Directions
Set down each record below precisely, skipping the pictures.
==== The data ====
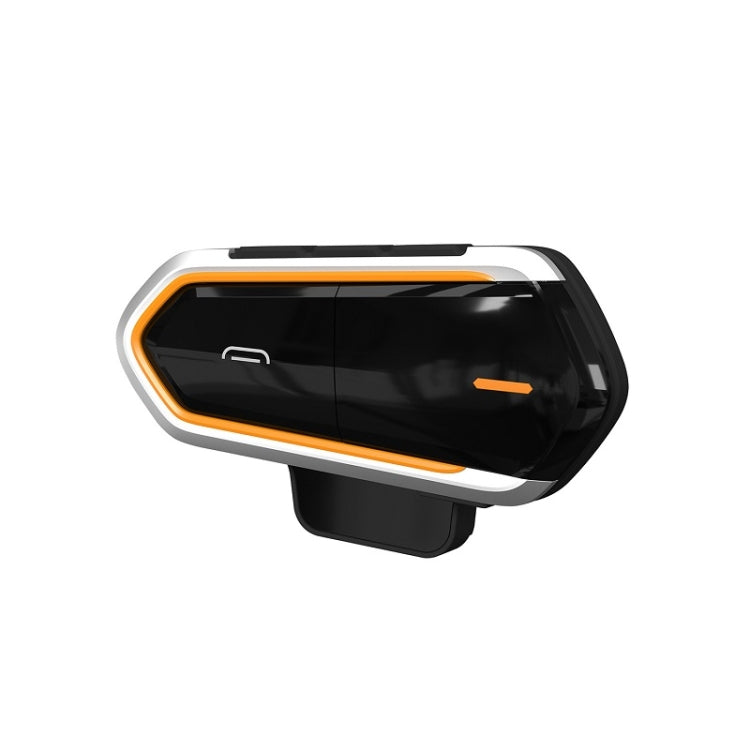 BT-S2 Helmet Bluetooth Headset FM Radio/CSR Full Duplex Walkie Talkie(Black Orange) - Consumer Electronics by buy2fix | Online Shopping UK | buy2fix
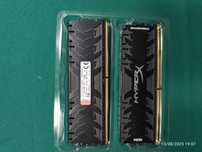 4 Placas de Memoria  RAM DDR4 8GB Hiperx Kingston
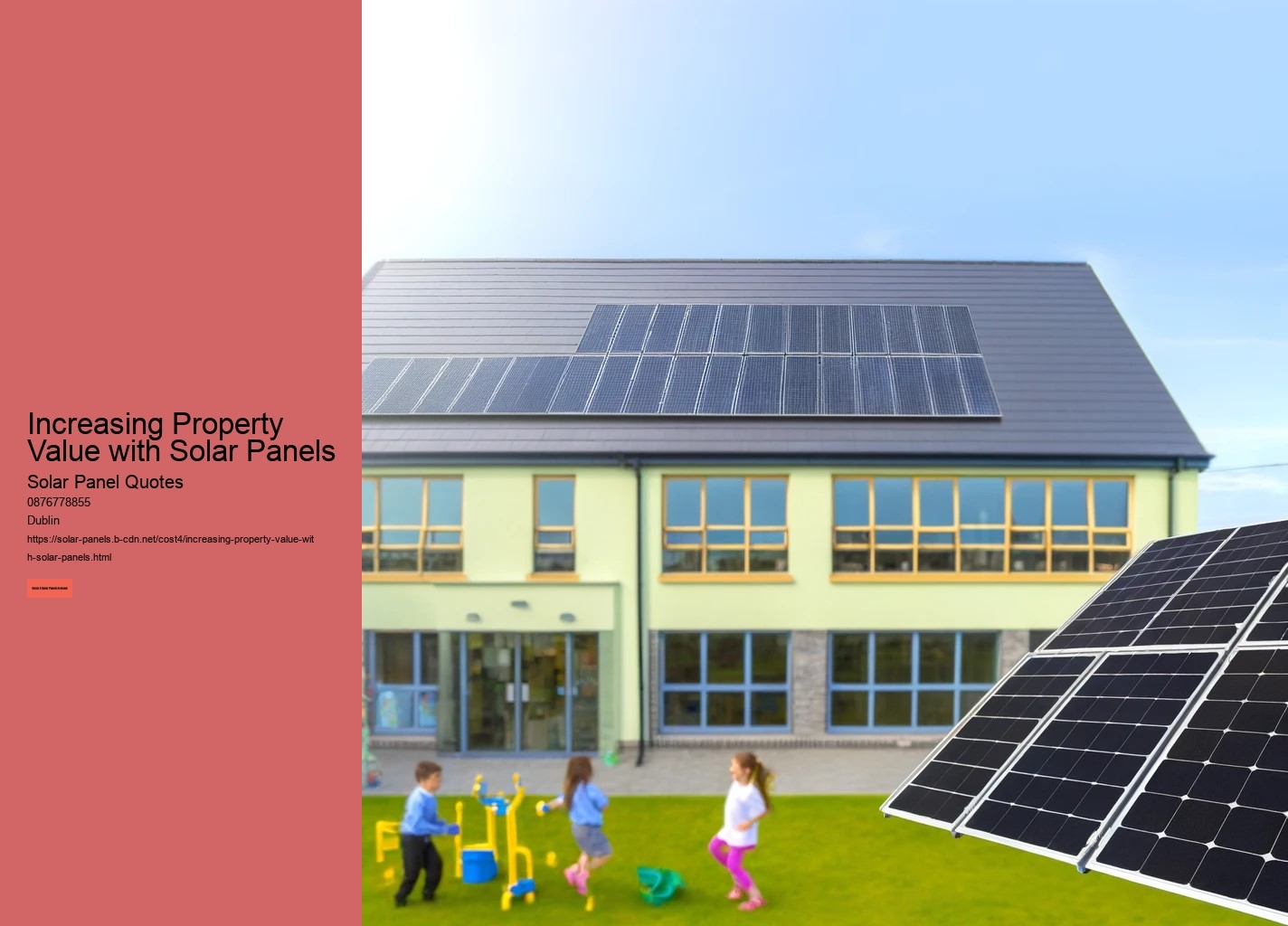Increasing Property Value with Solar Panels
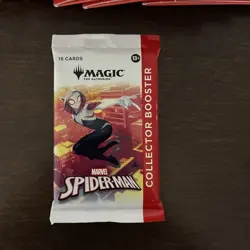 Magic the Gathering Spider-Man Collector Booster pack + 10 Booster Packs Sealed - Image 2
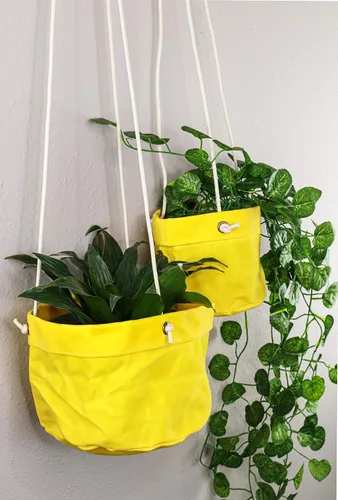 Miniatura 3 de Caldo Dos perchas para plantas, perfectas para decoración de interiores o exteriores (amarillo)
====
Reply to the exercise
 BT-S2 Helmet Bluetooth Headset FM Radio/CSR Full Duplex Walkie Talkie(Black Orange) - Consumer Electronics by buy2fix | Online Shopping UK | buy2fix
 4 Placas de Memoria  RAM DDR4 8GB Hiperx Kingston
Increasing Property Value with Solar Panels
 Magic the Gathering Spider-Man Collector Booster pack + 10 Booster Packs Sealed - Image 2
 Miniatura 3 de Caldo Dos perchas para plantas, perfectas para decoración de interiores o exteriores (amarillo)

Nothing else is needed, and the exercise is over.